Thursday, November 14, 2013

Branch
The Canadian launch of Branch: A Memoir with Pictures by celebrated Anabaptist-Mennonite storyteller John L. Ruth, takes place at Conrad Grebel University College in Waterloo at 7:30 pm on November 28.

“A first-born and only son, I opened my eyes in a sprawling 122-year-old farmhouse along a pleasant creek in southeastern Pennsylvania,” writes John Landis Ruth, in his forthcoming book. As 83-year-old Ruth tells his story through photos and essays, readers get a glimpse of his life but also the Eastern Pennsylvanian Mennonite family and community in which he was raised.

The narrative begins at his birthplace, the 1809 Lower Salford Township farm along the East Branch of the Perkiomen Creek to which, at age 57, he returned with wife Roma and two sons’ families.

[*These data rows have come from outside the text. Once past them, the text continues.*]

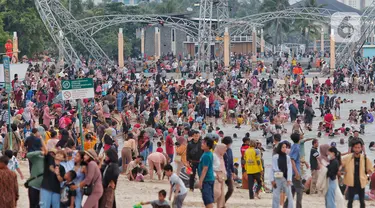 Ribuan warga memadati pantai wisata Ancol, Jakarta Utara, Minggu (23/4/2023). (Liputan6.com/Angga Yuniar)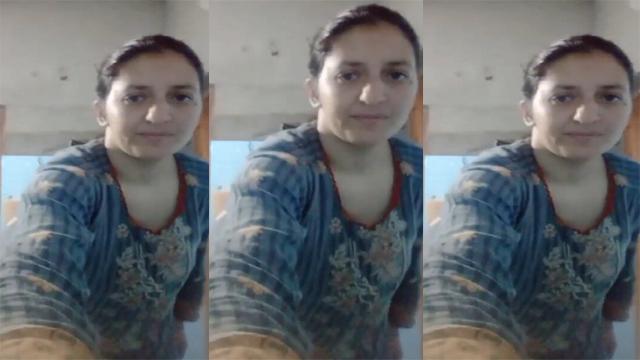 Desi Milf Slowly Removing Clothes Teasing Show - Auntymaza.com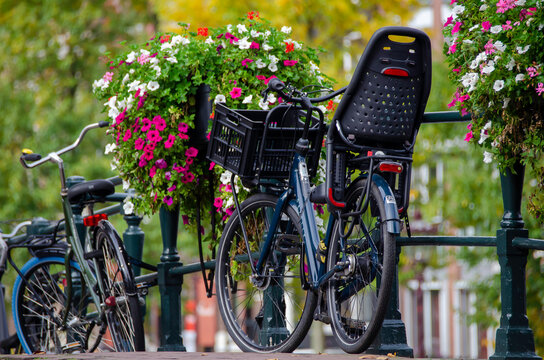 Amsterdam, with its historic canals and houseboats, reveals the charming architecture, vibrant urban life, and unique atmosphere that characterize this Dutch city.
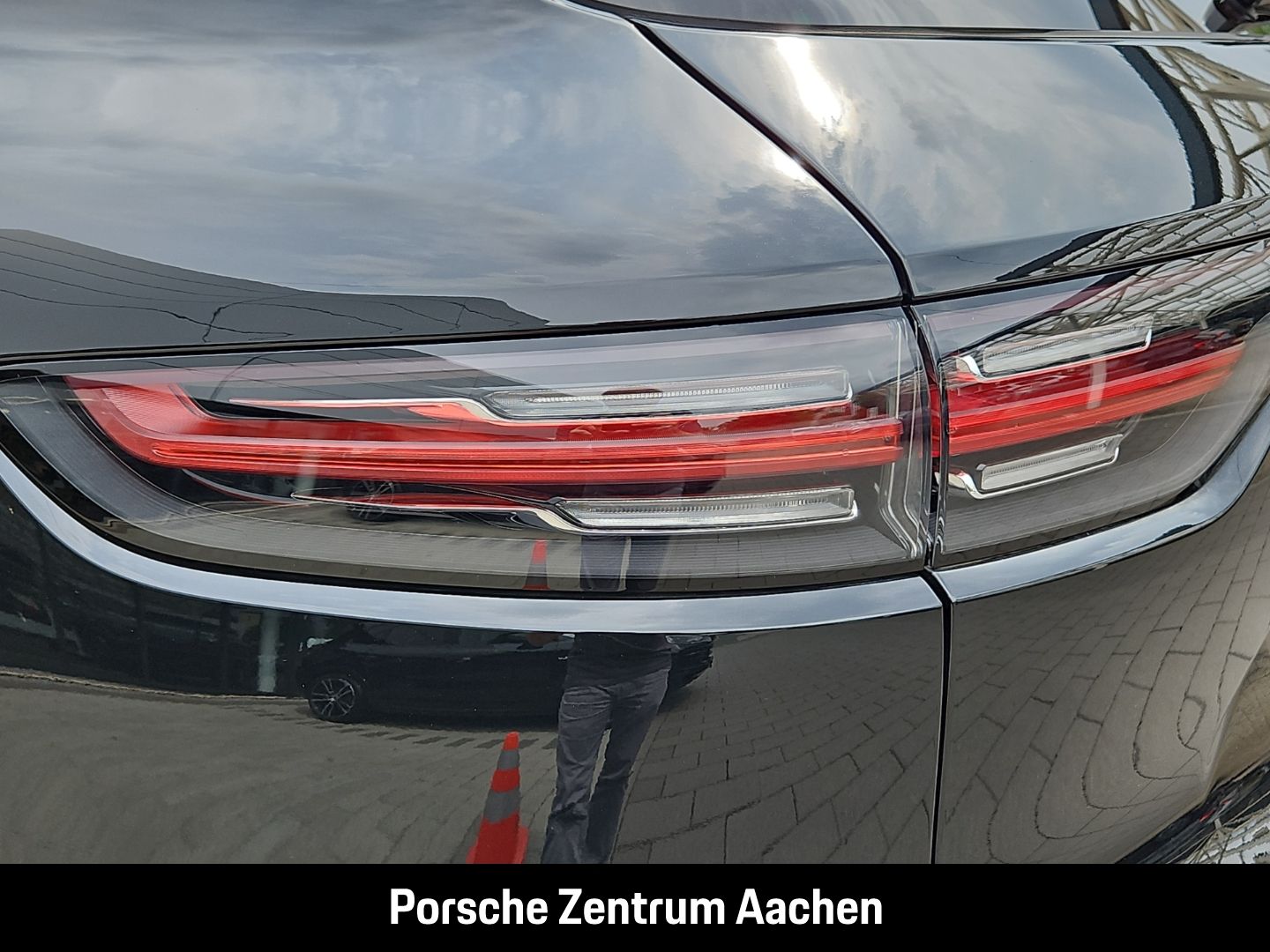 Porsche Cayenne Platinum Edition BOSE Sportabgasanlage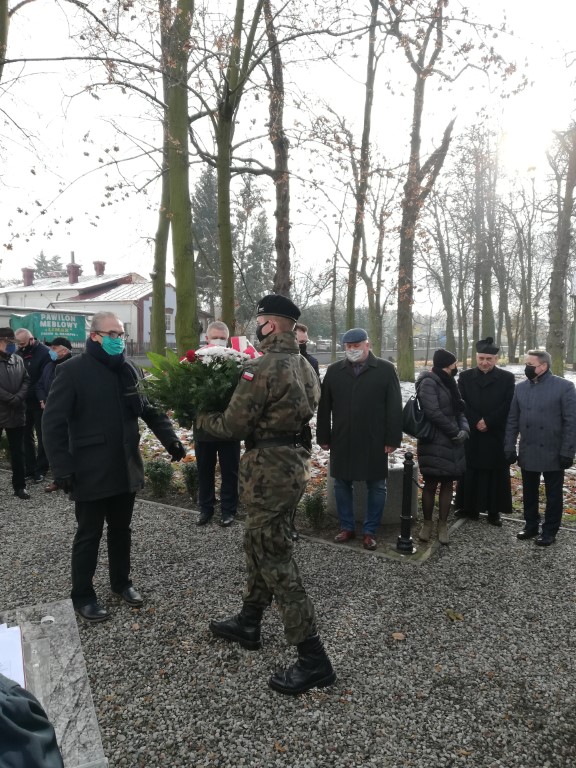 W Staszowie odsłonięto tablicę upamiętniającej stulecie zwycięstwa w wojnie polsko-bolszewickiej fot. Jakub Ryba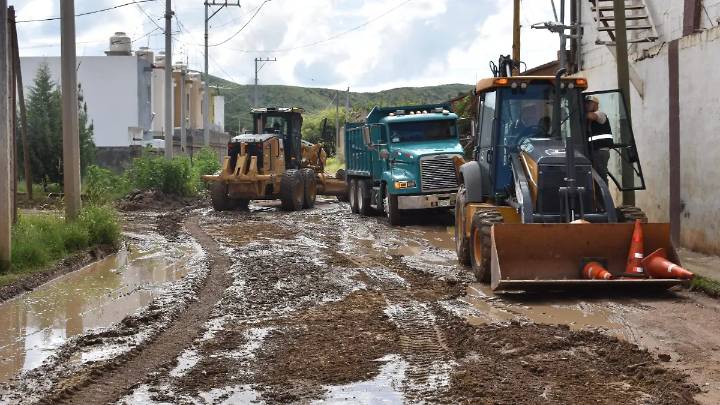 Arranca Gobierno de Parral pavimentación de la calle Antiguo Camino a Matamoros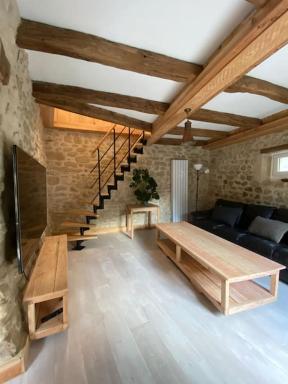 Gîte : La vieille bâtisse. - Housity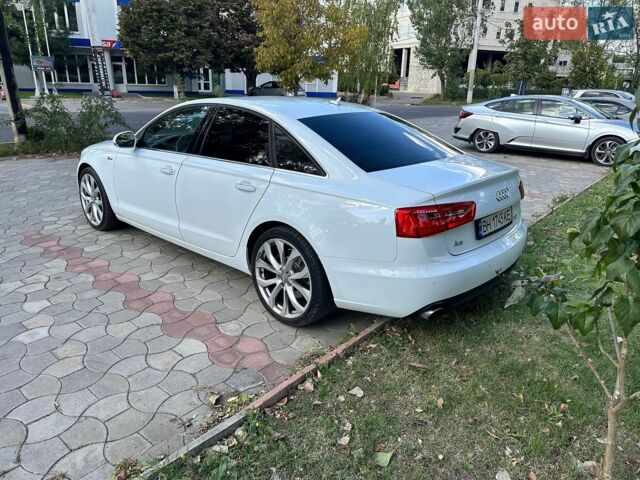 Белый Ауди А6, объемом двигателя 3 л и пробегом 190 тыс. км за 12000 $, фото 1 на Automoto.ua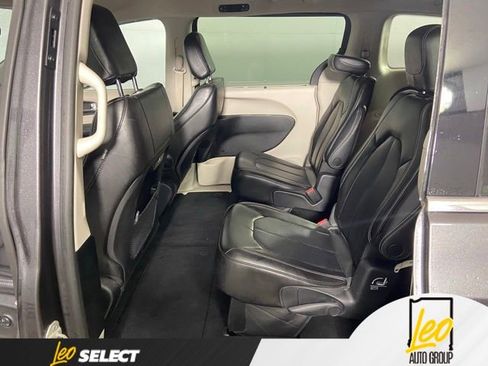 Used 2023 Chrysler Pacifica Touring-L FWD image 21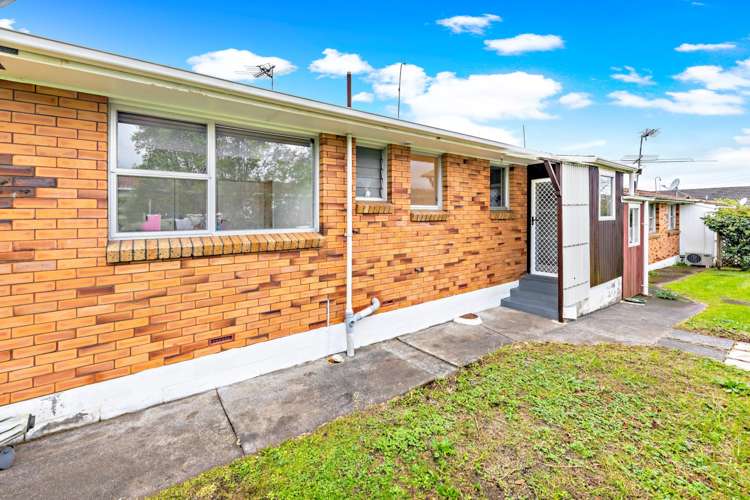 5/11 Kings Road Panmure_12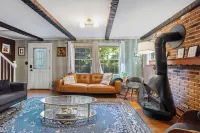 5BD/2BA Cabin-Style Home in the Heart of Norwich, Close to Casinos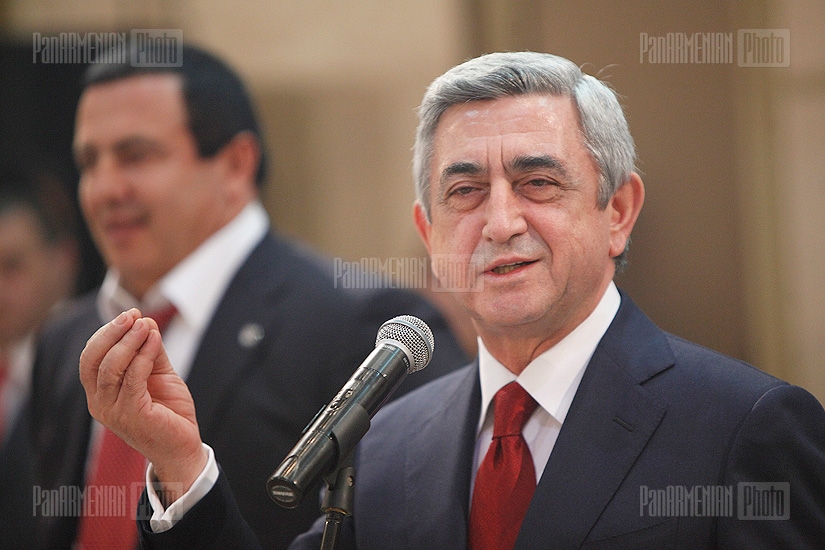 Armenian President, ARMNOC head award best athletes of 2012
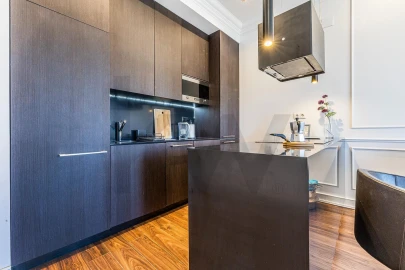 Apartamento T1 para Venda em Campolide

The early tone is set by the 1940’s photography of his father Henry L. Ruth, a Bucks County-born farmer.  “Those are the scripture verses what little John L Ruth learned by memory when he was a little boy of 4 years old,” writes John’s maternal grandmother in a diary entry included in one of the book’s intimate and evocative photos.

After attending school in Lower Salford, Lancaster County, PA and Virginia, in 1950 at the age of 20, the future amateur historian was chosen to be a Mennonite minister by the casting of lots.  Subsequent studies took him to Harvard where he earned a PhD and became a Professor of English at what is now Eastern University, with a sabbatical as Guest Professor of American Literature at the University of Hamburg, Germany. 

Back in Pennsylvania, Ruth accepted a call in his mid-forties to work on themes of Anabaptist-Mennonite heritage in a popular rather than academic mode.  His first book, commissioned by Conrad Grebel College, appeared in 1974.  Photographs from the following decades of cross-country teaching, film-making, writing, speaking at historical observances and tour-leading are interspersed in the memoir with scenes from family, church, and the author’s changing southeastern Pennsylvania community.  “In the end this is a love story—love of family, love of community and church—all anchored in an enduring, classic Mennonite faith,” says Dick Benner, editor of Canadian Mennonite.

In small coffee-table style, each of the 210 two-page spreads opens to a mini-essay paired with a full-page picture.  Ruth chose this format “to explore synergy between a lifetime’s collection of pictures and the words they may call forth.”

The US launch of Branch takes place November 21st in Harleysville, Pennsylvania. Book signings will be held throughout Pennsylvania and Virginia in November. The book was co-published by Mennonite travel company, TourMagination, in celebration of their 45th anniversary, (www.tourmagination.com) and the Mennonite Historians of Eastern Pennsylvania of Harleysville (www.mhep.org).